[INFORMATION PROVIDED]:
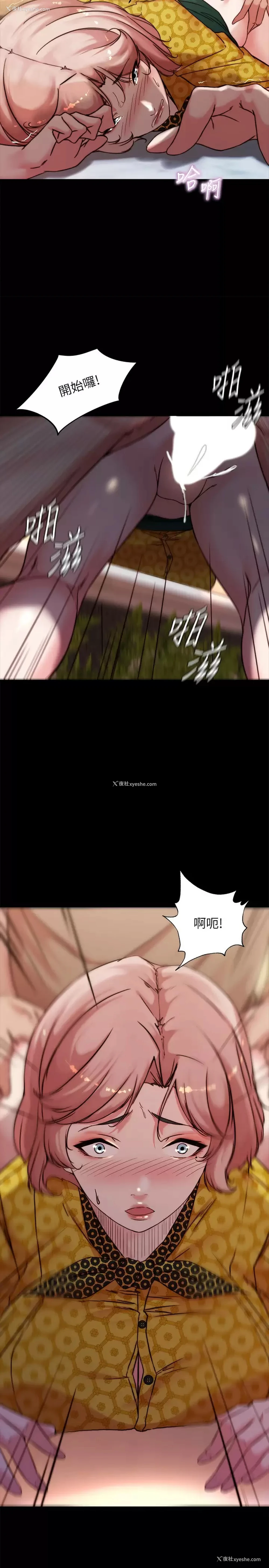 2P - 小裤裤笔记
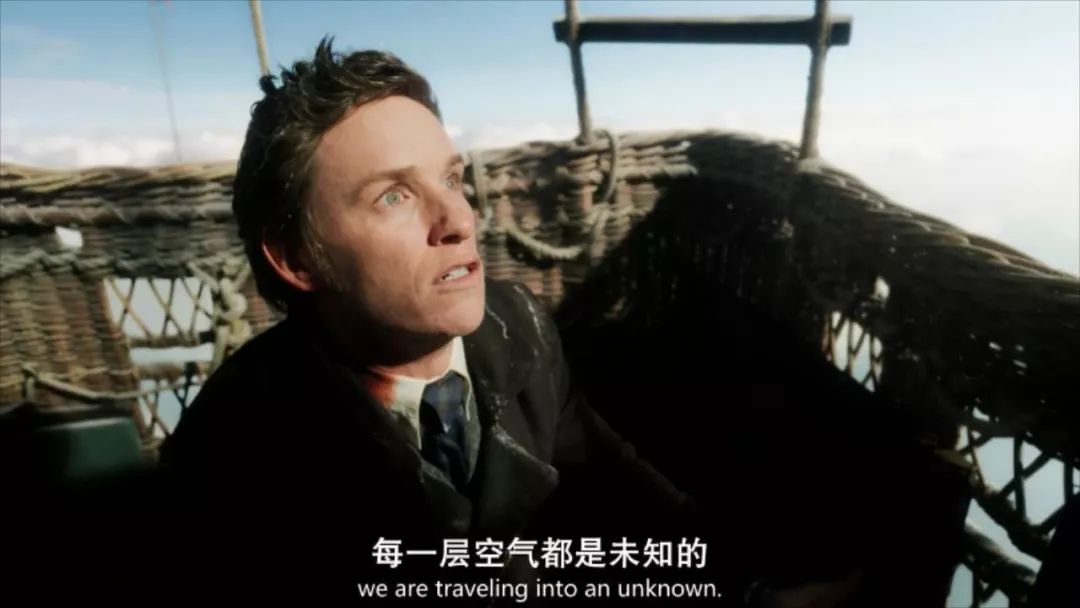 《热气球飞行家》恐高的千万别看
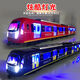 Zhiai Railway Toy Toy Child's Alloy's Subway Toy Track Track Electric Train Train Mode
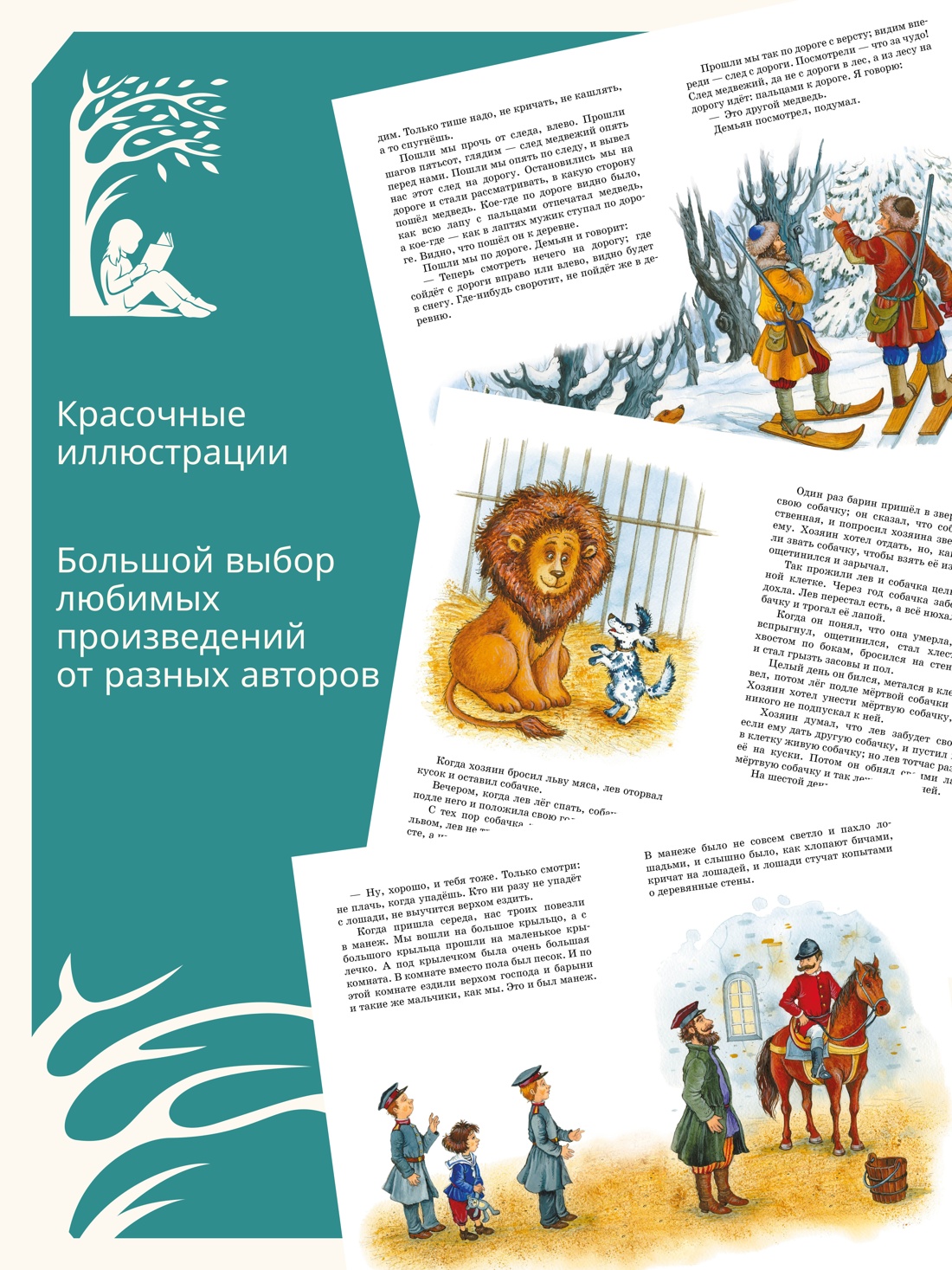 Промо материал к книге "Рассказы и сказки" №0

[WORK INSTRUCTIONS]:
Skipping all images, output the listing exactly.

[REPLY TO THE TASK]:
 2P - 小裤裤笔记
 《热气球飞行家》恐高的千万别看
 Zhiai Railway Toy Toy Child's Alloy's Subway Toy Track Track Electric Train Train Mode
 Промо материал к книге "Рассказы и сказки" №0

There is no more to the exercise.